Second GOP congressman in 3 weeks resigns to dodge ethics investigation


Republican Rep. Pat Meehan announced his retirement in the wake of a sexual harassment scandal. Now he's decided to abruptly and immediately resign instead.

Rep. Pat Meehan (R-PA) suddenly announced his resignation Friday, becoming the second Republican in three weeks to abruptly quit as an ethics probe intensified.

In a statement, Meehan said he "did not want to put my staff through the rigors of an Ethics Committee investigation."

Meehan used taxpayer dollars to settle a sexual harassment claim made by a young aide who said he pursued her romantically, then retaliated when she entered into a relationship with another man.

"I will pay $39,000.00 to the U.S. Treasury to reimburse for the severance payment that was made from my office account," Meehan said in his statement. "That payment will be made within 30 days of my resignation from the House of Representatives. I did not want to leave with any question of violating the trust of taxpayers."

The resignation echoes the announcement made April 6 by Texas Republican Rep. Blake Farenthold.

Farenthold used $84,000 in taxpayer funds to settle sexual harassment allegations that were made against him. He never paid back the money and was not compelled to do so by Speaker Paul Ryan.

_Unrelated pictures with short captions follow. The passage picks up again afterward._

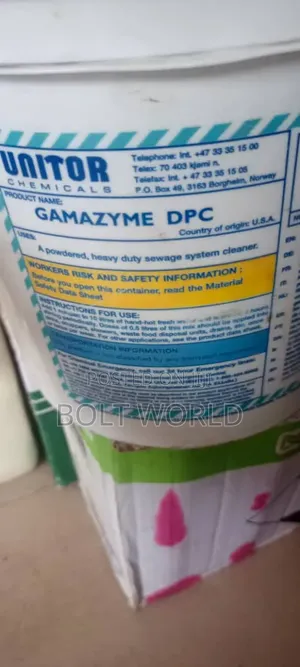 Gamazyme DPC a Powdered, Biologically Sewage System Cleaner 12kg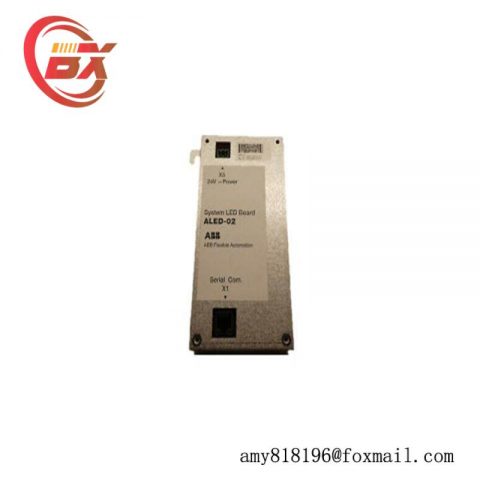 ABB ALED-02, 3HNE06226-1, 3HNE06227-1, SYSTEM LED BOARD
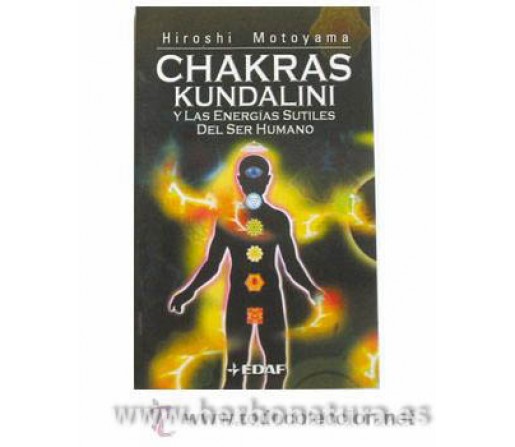 Chakras Kundalini y las Energías Sutiles del ser Humano Libro Hiroshi Motoyama EDAF
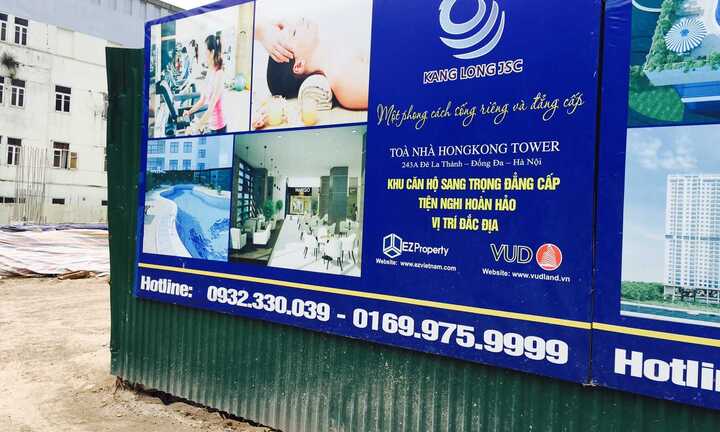 Thêm một dự án ‘đất vàng’ gia nhập thị trường Hà Nội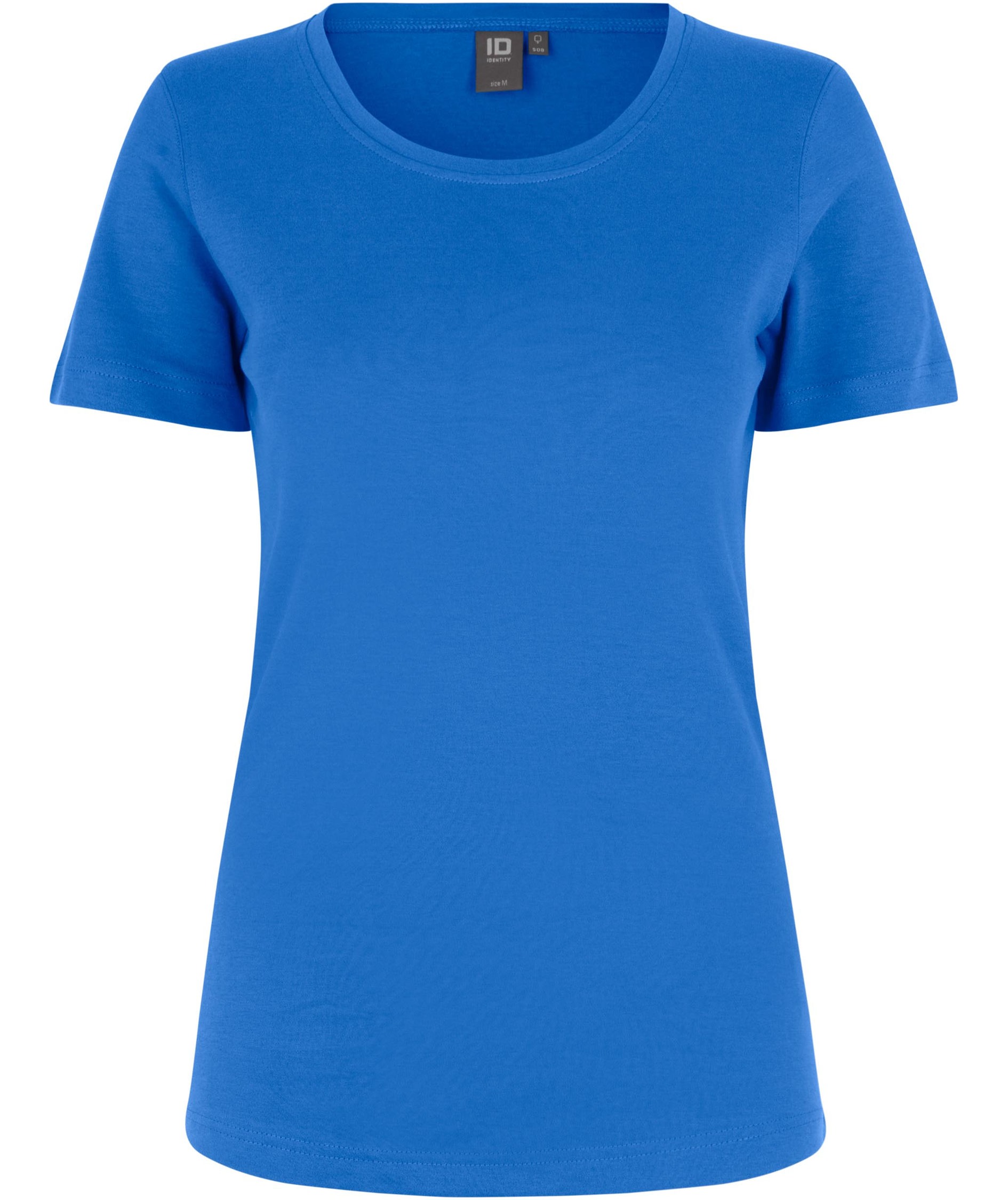 ID Interlock Damen T-Shirt, Azure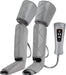 Leg Massager for Circulation and Relaxation, Calf Feet Thigh Massage, 6 Modes - Battery Mate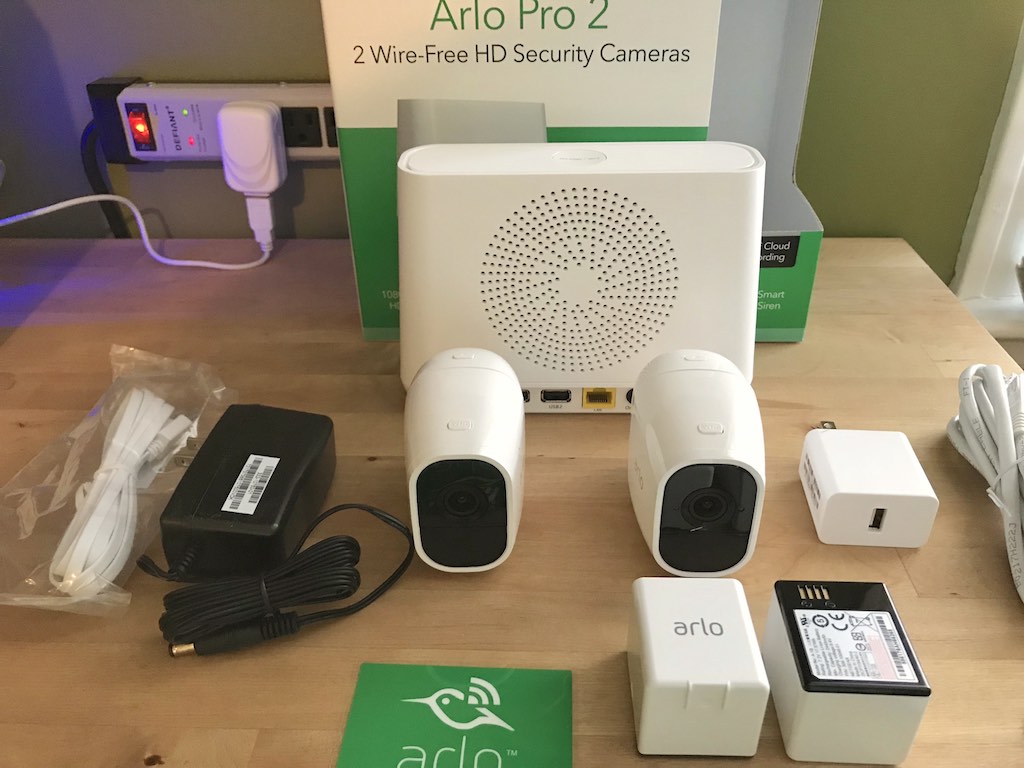 Using Netgear’s Arlo Pro 2 cameras as a home security solution Best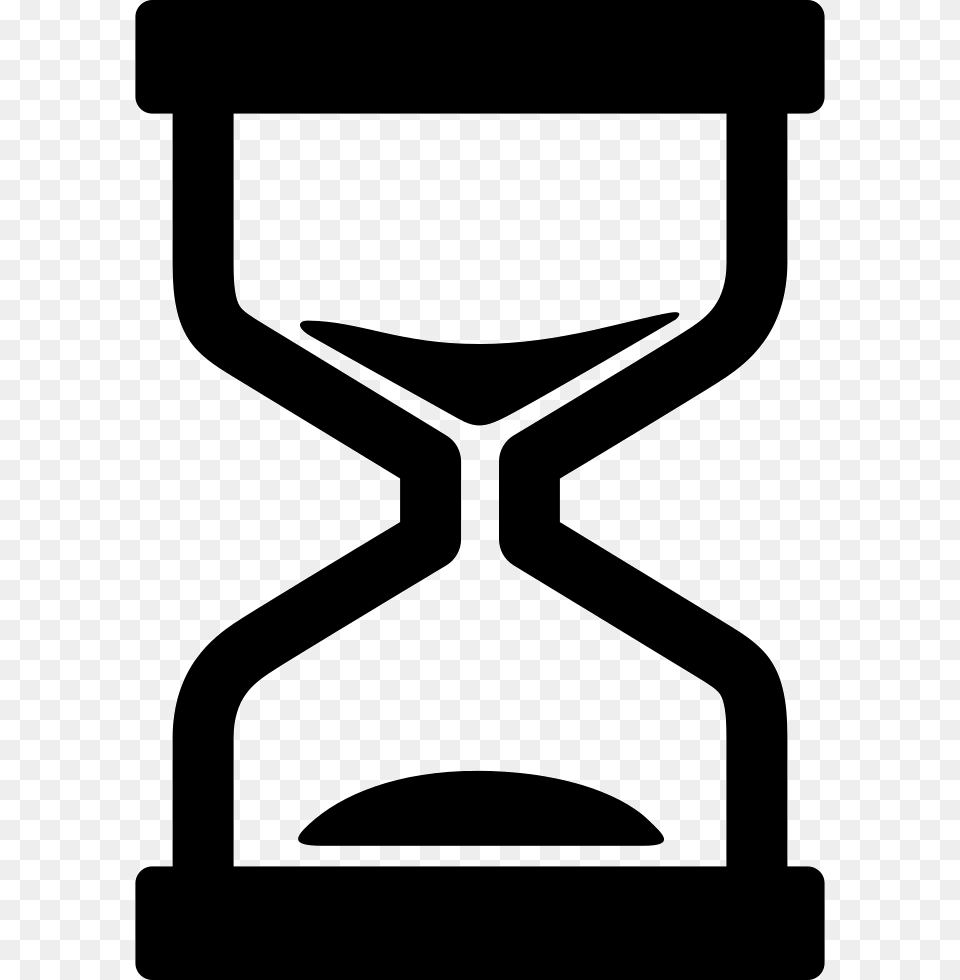 Sand Clock Symbol, Hourglass Png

The immediate loss of Meehan adds to the rolling disaster that is the Republican Party's midterm election prospects.

The party has already had trouble holding on to districts in heavily Republican, pro-Trump districts.

Before Meehan's shame-entangled resignation, Pennsylvania's 7th Congressional District was already rated as a toss-up. Hillary Clinton won the district in 2016.

Now with this resignation, the party is saddled with a growing sexual harassment payoff scandal and the unpopular Trump administration.

Voters are dying to support a blue wave this fall, and this tainted seat is now up for grabs.